What are the biggest reasons newcomers give up on OCaml?

jhw · April 26, 2023, 3:05am

I too gave up on local opam switches a long time ago. Never bothered to figure out why my intuition about them is all wrong. (At first, I thought the problem was that I use Mercurial instead of Git, but turns out that’s only one of the problems.)

I sure hope we are not advising OCaml newbies to attempt using them because I think that would go poorly.

jake · April 26, 2023, 5:19am

Very cool! Thanks for sharing that. I’ve been thinking about writing something similar along with emacs functions to invoke it.

One thing I realized today is that because merlin works off compiled modules, most experienced ocaml devs probably keep a window open running dune build --watch most of the time they’re coding. I knew about the feature but assumed it was an enhancement. I didn’t realize that merlin only provides help based on compiled modules (which makes sense), so --watch becomes a fairly critical piece of the emacs/vi development flow.

Unbound module in general has definitely been an intimidating headwind in learning ocaml. This week I couldn’t figure out why Timere.Timedesc was unbound, until I figured out that Timedesc is its own top-level module and not a sub-module of Timere even though it’s installed as part of Timere. Timedesc is listed in Timere’s page of “Package descriptions”, which is what tipped me off that Timedesc might be a top-level package of its own even though it’s installed with the Timere library (and that “library” and “package” might be different things. Are they officially different things? This page’s title claims to distinguish the terms but doesn’t: Packages, Libraries, and Modules).

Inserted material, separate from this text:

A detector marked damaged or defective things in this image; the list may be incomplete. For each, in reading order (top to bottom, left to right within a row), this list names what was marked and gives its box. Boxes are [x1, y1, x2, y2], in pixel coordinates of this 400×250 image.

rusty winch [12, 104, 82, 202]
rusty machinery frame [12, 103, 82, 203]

And in retrospect I feel silly for not realizing that sooner - it says “Package descriptions” right there on the page! And that’s the thing - all of these little things along the way could be correctly answered with “RTFM”, because the answers are all in the docs if you can piece it all together, but there’s enough FUD throughout the process that it’s never clear whether it’s time to ask the internet or if I’m just an idiot who can’t put two and two together (both may, of course, be true at once). Each quirk makes sense once I figure it out, but there seem to be a lot of them on the road to being able to type some code, compile, get inline help from merlin in emacs, and understand how to interpret the errors. I sheepishly admit that it once took me a week to realize I needed to restart emacs to get merlin to work rather than just calling elisp fns. I don’t often restart emacs. And I’m sure if I used VS Code instead everything would work more out of the box, but I like emacs.

One detail that makes this road more intimidating is that virtually all of the ocaml internet, including stack overflow, provides answers in terms of ocamlc, ocamlfind, and other tools I don’t directly use and hope not to directly use because dune provides an abstraction over them. So the answers are useful but only if you squint at them.

To perhaps overgeneralize the problem, the biggest impediment to this newcomer adopting ocaml has been that the tools and libraries seem to be built in the functional tradition to an extreme - lots of small things that you can compose beautifully into something bigger, if you can glean how they click together. Ocaml libraries’ mli files can be illuminating, but sometimes not quite enough to start using them. If TyXml didn’t have examples and a tutorial page, I would not have been able to infer its usage from its types. I still only approximately understand its compiler errors (admittedly I’ve only been tinkering with it for a couple evenings so far).

That also makes shopping for a library hard. Without a front page of example code giving a gist of how it all goes together, it can take a fair bit of work to figure out which one you want to commit time to learning and using.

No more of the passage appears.